TASK DETAILS ::
Output all of the data exactly, keeping any images out of the copy.

SUPPLIED INFORMATION ::
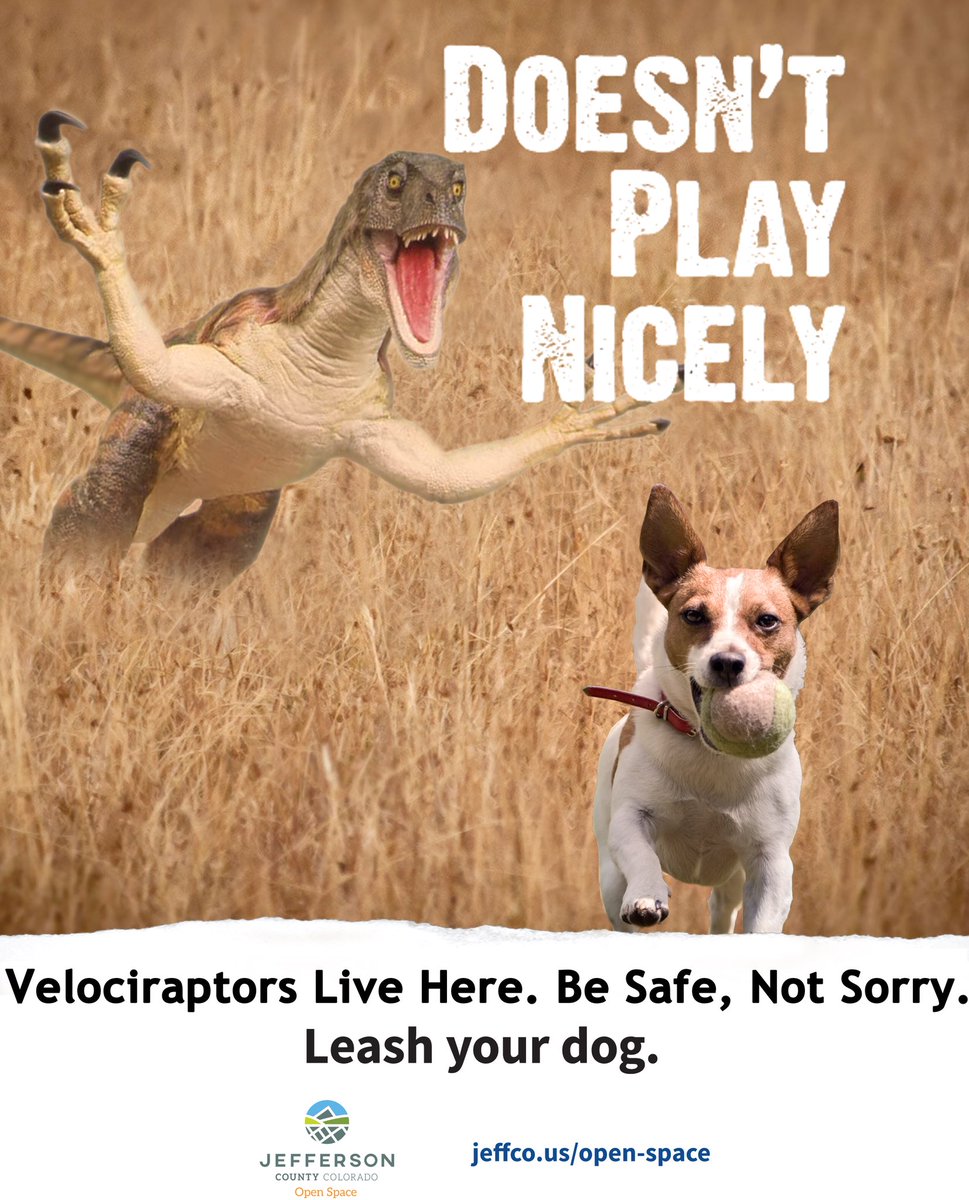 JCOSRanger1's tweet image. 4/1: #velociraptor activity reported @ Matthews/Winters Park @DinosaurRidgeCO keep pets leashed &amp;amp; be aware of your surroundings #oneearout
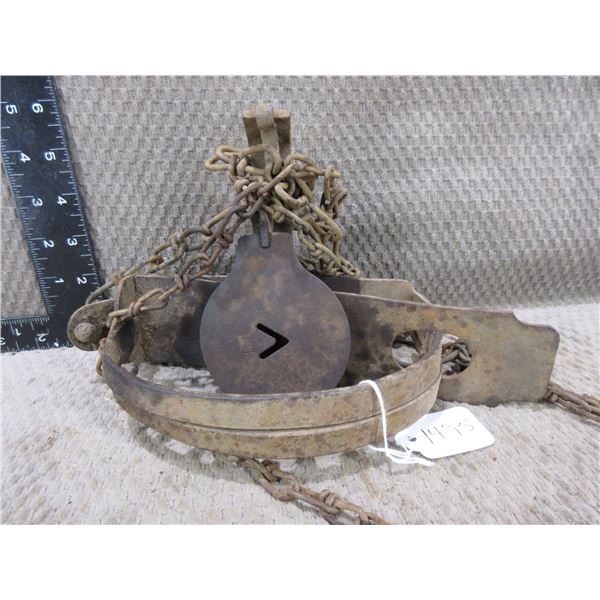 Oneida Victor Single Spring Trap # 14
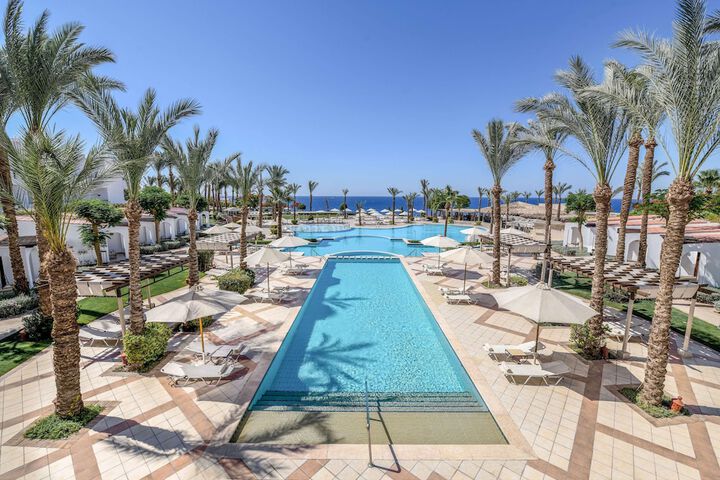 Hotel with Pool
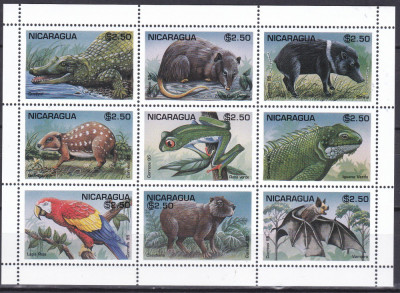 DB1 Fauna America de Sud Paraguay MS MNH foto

EXPECTED ANSWER ::
 JCOSRanger1's tweet image. 4/1: #velociraptor activity reported @ Matthews/Winters Park @DinosaurRidgeCO keep pets leashed &amp;amp; be aware of your surroundings #oneearout
 Oneida Victor Single Spring Trap # 14
 Hotel with Pool
 DB1 Fauna America de Sud Paraguay MS MNH foto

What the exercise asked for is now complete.